High Summer is an old term. I always take it to mean late July, early August when it is hot and the sun seems close to its zenith come midday. The days have barely begun to shorten, gardens are starting to producer summer crops like tomatoes, the eggs are hatched, the tadpoles turned to toads, the fledglings are finding their wings.
In the Seekonk River the bait fish have arrived in large numbers and the predators have followed. There are always fish in the Seekonk, it is a tidal brackish river with a fringing marsh and some forest along its shores. The northernmost extension of Narragansett Bay, its northern terminus the falls of the Blackstone in downtown Pawtucket, its mouth where it joins the Providence River between Fox and Bullocks points. But while there are always fish, finding them is usually quite a feat. The only reliable sightings are of the smallest bait fish on warm still days right along the shore. But come high summer the feeding frenzies become visible.

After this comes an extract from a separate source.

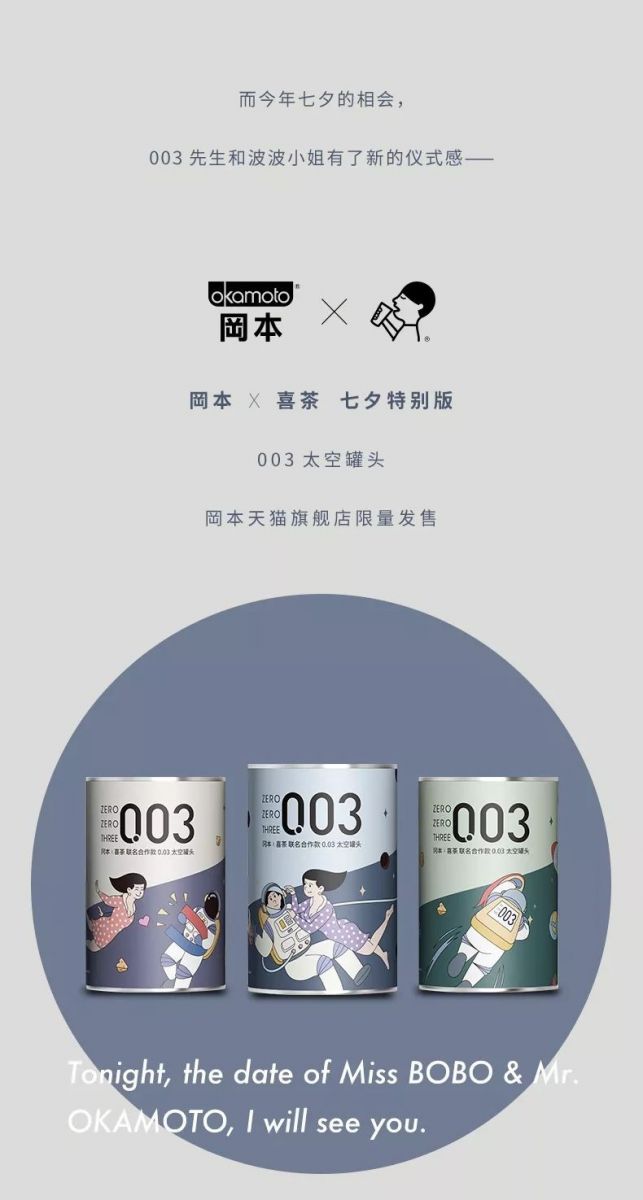 七夕文案创意与营销活动-传播蛙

Sitting by the shore there were 10 to 15 reasonably large splashes every minute for more than a few minutes, interspersed with explosions of baitfish as they leap out of the water to escape the jaws of death. I am not sure what the predator was today, probably bluefish, 6 or 8 inches long mostly from the splashes i saw. Almost does not matter. What matters is that the Seekonk is still alive enough to have feeding frenzies in high summer, and that is a very good thing.

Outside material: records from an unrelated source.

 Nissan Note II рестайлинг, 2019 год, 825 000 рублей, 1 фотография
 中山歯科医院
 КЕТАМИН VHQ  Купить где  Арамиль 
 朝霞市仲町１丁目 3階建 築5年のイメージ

Giving further testimony to the bounty of the day as I walked upstream along the western shore towards where i sat and watched the fish feast I saw 3 or 4 Great Blue Herons winging south. Once I sat down to enjoy the fish and got situated I turned my scope to the eastern shore along the salt marsh just north of the Pawtucket/East Providence line below the mills. On the eastern shore I saw one egret and an additional 8 Great Blue Herons, the most herons I have seen in one place it quite a while.